Saved data entries:
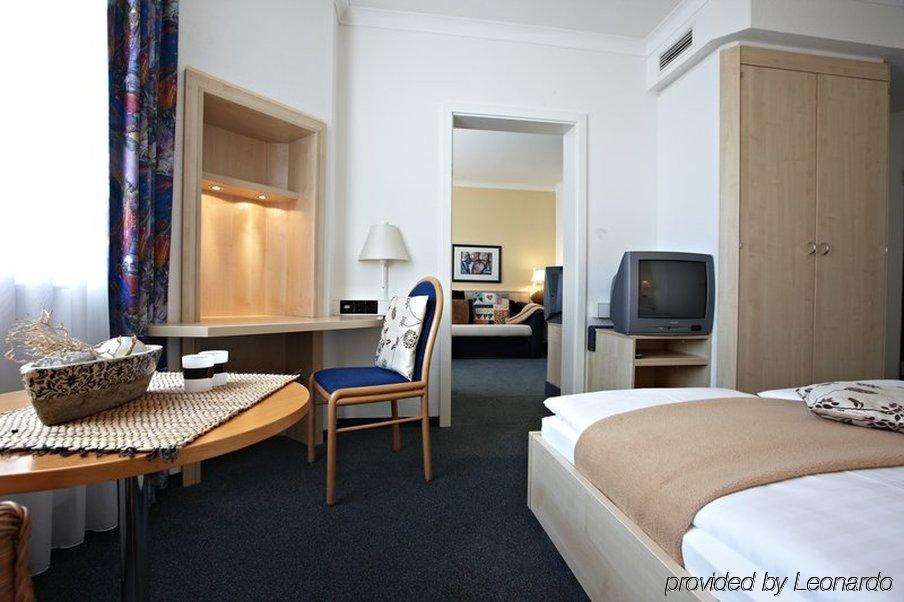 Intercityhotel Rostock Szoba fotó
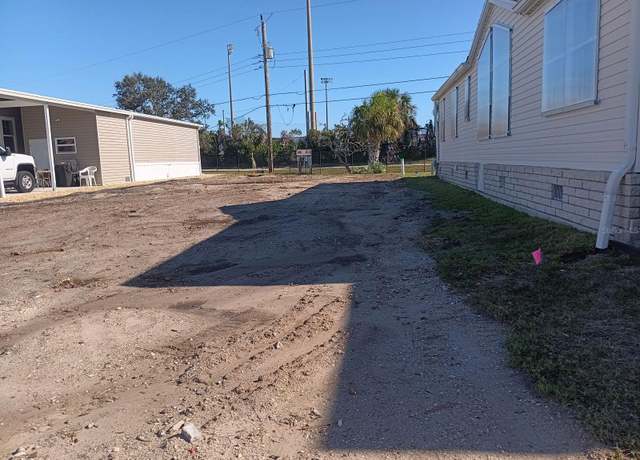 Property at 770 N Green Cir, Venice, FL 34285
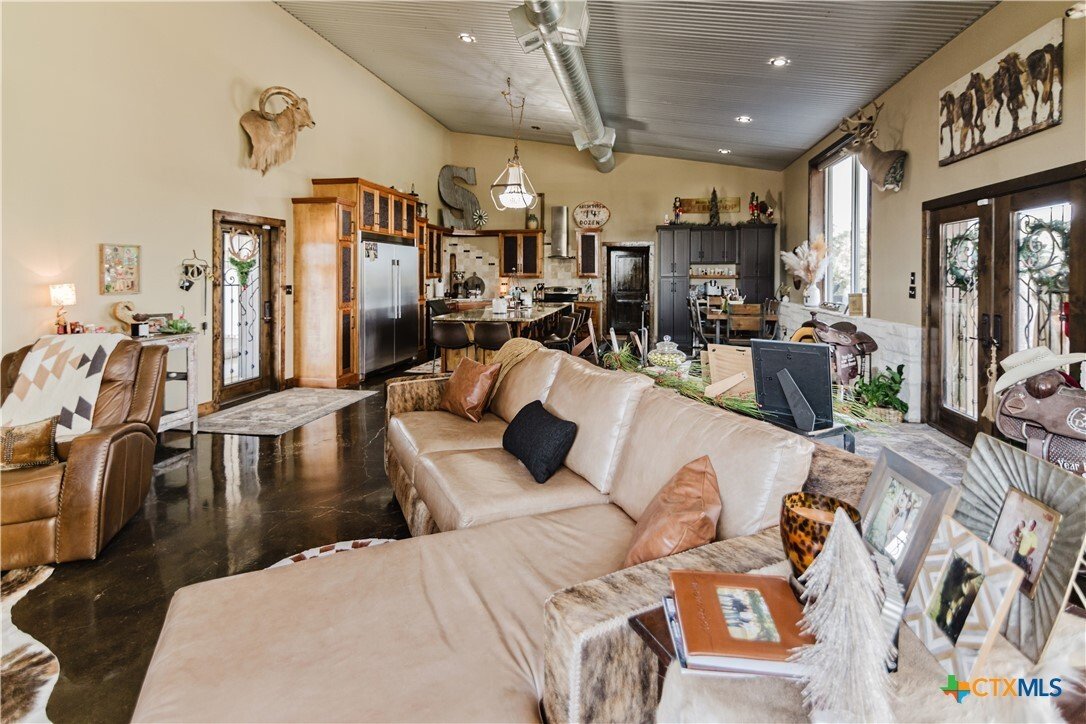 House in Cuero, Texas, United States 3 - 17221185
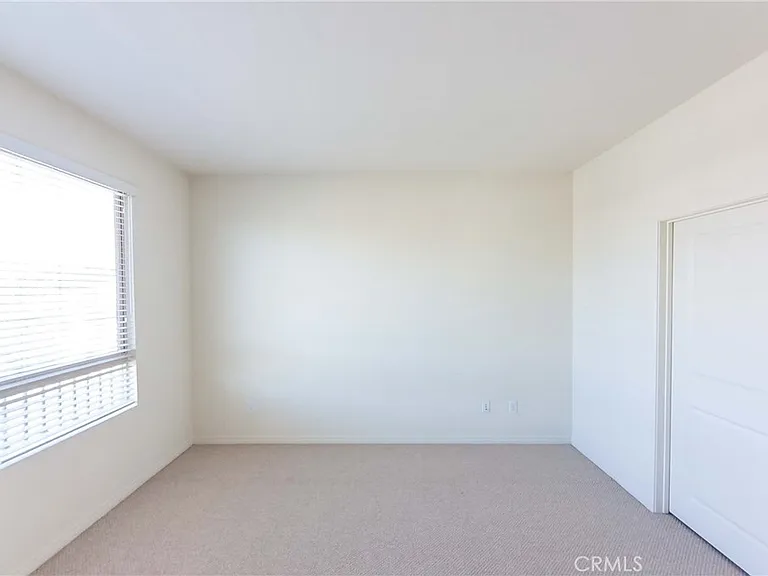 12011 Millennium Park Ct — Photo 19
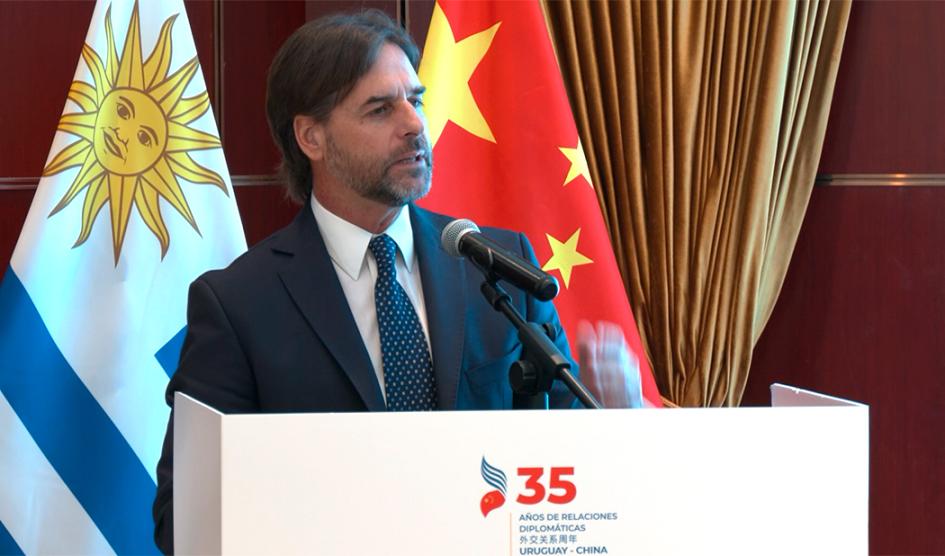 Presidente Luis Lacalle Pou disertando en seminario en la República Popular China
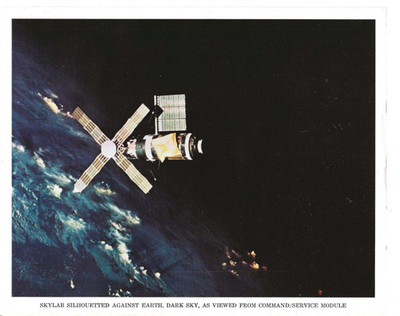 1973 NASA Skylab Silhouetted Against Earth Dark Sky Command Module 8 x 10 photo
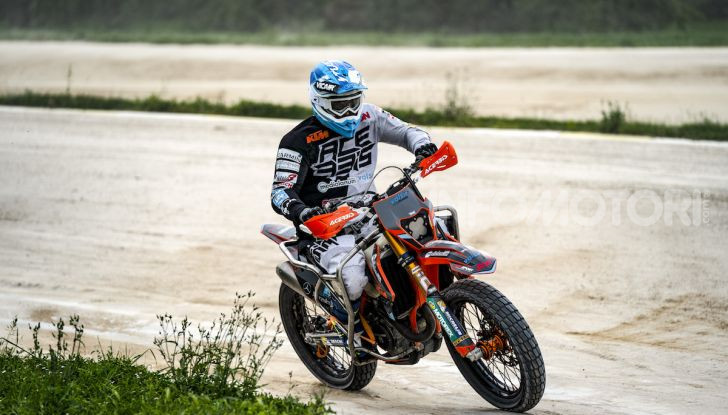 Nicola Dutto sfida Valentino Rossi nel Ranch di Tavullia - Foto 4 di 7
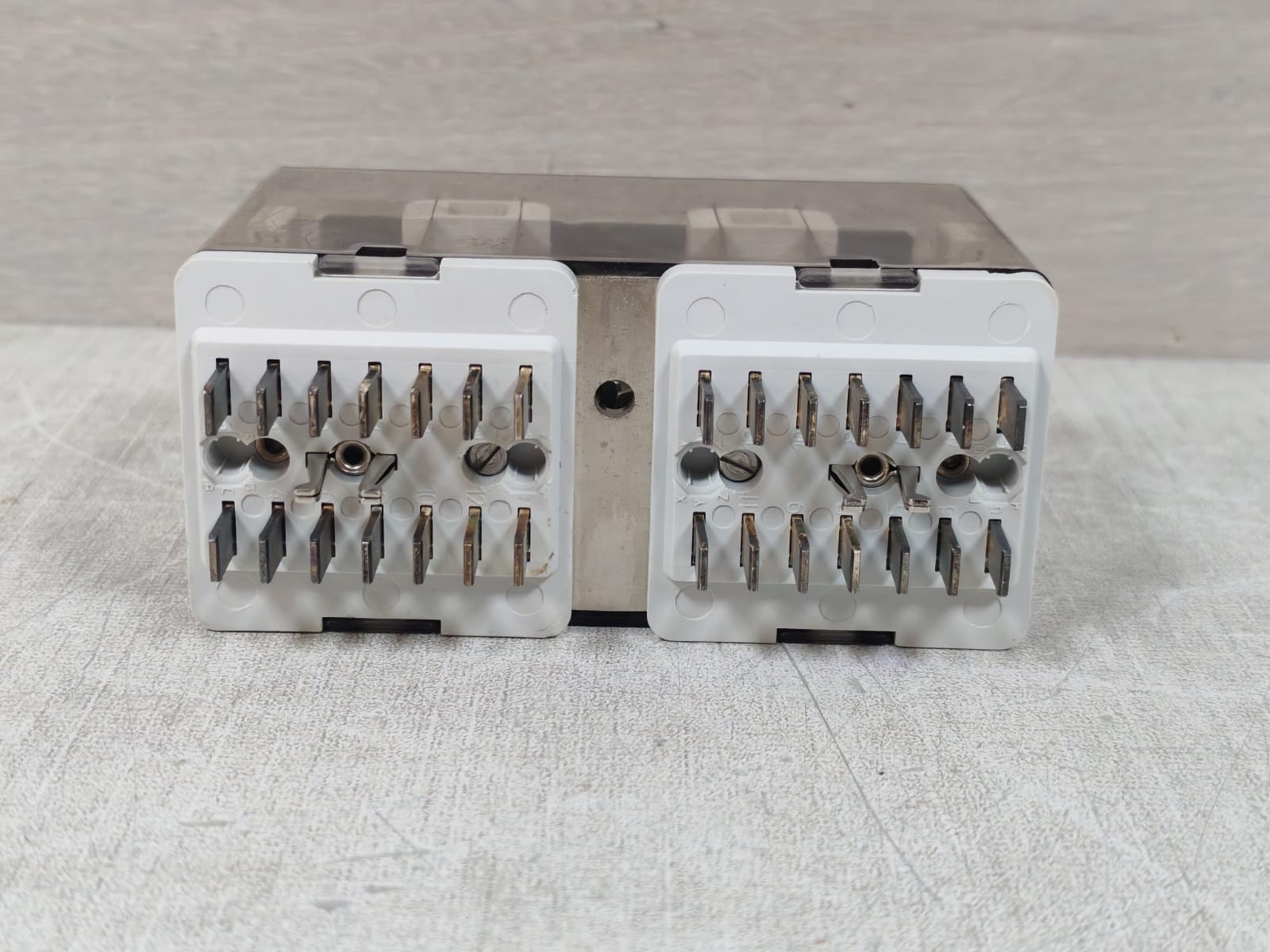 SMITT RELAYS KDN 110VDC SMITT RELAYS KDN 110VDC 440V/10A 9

Work instruction
What is needed is an exact copy of the lines from the one with "1973 NASA Skylab" through the end of the data above, both included, minus any pictures.

Expected answer
 1973 NASA Skylab Silhouetted Against Earth Dark Sky Command Module 8 x 10 photo
 Nicola Dutto sfida Valentino Rossi nel Ranch di Tavullia - Foto 4 di 7
 SMITT RELAYS KDN 110VDC SMITT RELAYS KDN 110VDC 440V/10A 9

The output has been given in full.